Check Level Override Settings for US Pay Groups

Payroll Administrator Guide

Version
R2025.2.1
ft:lastEdition
2025-12-01
Check Level Override Settings for US Pay Groups

The following is a list of settings available for each check type for US pay groups.

Manual Checks:

Additional Checks:

  • Exclude direct deposit accounts from disbursement
  • Exclude payroll card accounts from disbursement
  • Disburse to remainder account only
  • Tax Method
  • Payment Frequency
  • Residence Location

Onsite Checks:

  • Tax Method
  • Payment Frequency
  • Residence Location

These settings are described as follows:

Disburse to remainder account only

Select the Disburse to remainder account only checkbox and Dayforce only disburses earnings recorded on the check using the direct deposit or pay card method if the employee has been set up to receive 100% of their earnings to either method. If employees have elected to receive a portion of their pay on either a pay card or via direct deposit, payments made using check templates with this option selected are sent entirely to their default method.

Employment Type

Select an option in the Employment Type drop-down list to configure the check template so that employees with one employment type can be paid as a different one and receive the appropriate year end tax form for each type.

  • Leave this drop-down list cleared to respect the employee-level employment type configuration.
  • Select Contractor to map the check's earnings to the 1099-M form.
  • Select Employee to map the check's earnings to the W-2 form.
  • Select Pensioner to map the check's earnings to the 1099-R form.

Exclude direct deposit accounts from disbursement

Select this checkbox and payments made with the check aren’t sent to employees using direct deposit, even if an employee has elected to receive a portion of their earnings through direct deposit.

Exclude payroll card accounts from disbursement

Select this checkbox and payments made with the check aren’t sent to employees using pay cards, even if an employee has elected to receive a portion of their earnings through a pay card.

Payment Frequency

Select the number of pay periods in the Payment Frequency drop-down list to override the number of pay periods per year the application uses in tax calculations.

The number of pay periods per year need to be overridden for payments that represent a different pay frequency than normal, so that they are taxed correctly.

For example, an employee that is normally paid $1,000 weekly is paid their two weeks’ vacation time up front on an additional check of $2,000. When the application calculates the taxes to withhold, it would normally multiply the payment about by 52 (as an employee paid weekly is paid 52 times a year). However, multiplying 2,000 by 52 implies that the employee earns more annually than they actually do.

Because this payment represents two weeks’ worth of pay, taxes should be calculated based on 26 pay periods per year; to accomplish this, administrators can configure check templates with different pay frequencies.

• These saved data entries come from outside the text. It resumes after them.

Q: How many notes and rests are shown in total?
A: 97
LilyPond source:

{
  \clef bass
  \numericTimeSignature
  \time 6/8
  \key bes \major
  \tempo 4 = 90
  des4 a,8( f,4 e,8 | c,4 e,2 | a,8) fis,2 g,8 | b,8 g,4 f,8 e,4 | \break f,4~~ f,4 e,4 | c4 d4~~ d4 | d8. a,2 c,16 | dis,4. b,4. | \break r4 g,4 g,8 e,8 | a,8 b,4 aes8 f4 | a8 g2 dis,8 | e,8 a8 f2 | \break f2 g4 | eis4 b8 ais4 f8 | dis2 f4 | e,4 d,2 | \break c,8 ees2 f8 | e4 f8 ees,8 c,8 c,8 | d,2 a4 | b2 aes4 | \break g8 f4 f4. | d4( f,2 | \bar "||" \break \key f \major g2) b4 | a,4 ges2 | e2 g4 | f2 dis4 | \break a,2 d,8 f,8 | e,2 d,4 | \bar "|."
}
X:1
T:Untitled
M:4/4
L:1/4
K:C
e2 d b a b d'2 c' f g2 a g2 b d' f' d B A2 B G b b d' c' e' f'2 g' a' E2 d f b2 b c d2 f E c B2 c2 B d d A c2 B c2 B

In the example above, when the two weeks’ vacation time is paid on a check template with a biweekly pay frequency, the application can correctly calculate taxes based on 26 pay periods in the year.

Tax Method

If necessary, select an appropriate supplemental tax in the Tax Method drop-down list.

This parameter is used to define which check templates are supplemental payments so that bonuses or off-cycle payments are taxed properly. Typically, when calculating the taxes to withhold for normal payments the calculation takes into account the employee’s pay and their pay frequency to determine their tax bracket and then applies the corresponding percentage.

Consider a simplified example where an employee earns $1,000 per week. To determine the taxes to withhold, the application multiples 1,000 by 52 to determine their annual salary, uses this number to determine their tax bracket, and multiplies the percentage for their tax bracket by $1,000 to determine the amount of taxes to withhold.

If supplemental payments were taxed with the same calculation, the application would over withhold taxes; continuing the example above, when the same employee earns a bonus of $4,000 on a separate check, the application would incorrectly calculate the employee’s annual income as $208,000 (4,000 multiplied by 52). As a result, the employee belongs to a higher tax bracket than they should and likely pay a higher tax rate than they should on their bonus.

The application treats payments made on check templates configured as supplemental payments differently; a custom rate is applied to the payment amount and the application does not calculate the employee’s taxes as if they made the supplemental payment on each pay run.

Residence Location

If necessary, select a state from the Residence Location drop-down list.

If an employee lives and works in multiple locations, the residence location associated with the check's earnings can be overridden by selecting an alternate option from the list.

If a supplemental tax method was selected from the Tax Method drop-down list, select the Exclude Additional Tax Amounts checkbox to exclude any additional tax amounts that the employee has elected to pay, above the regular federal and state tax amounts.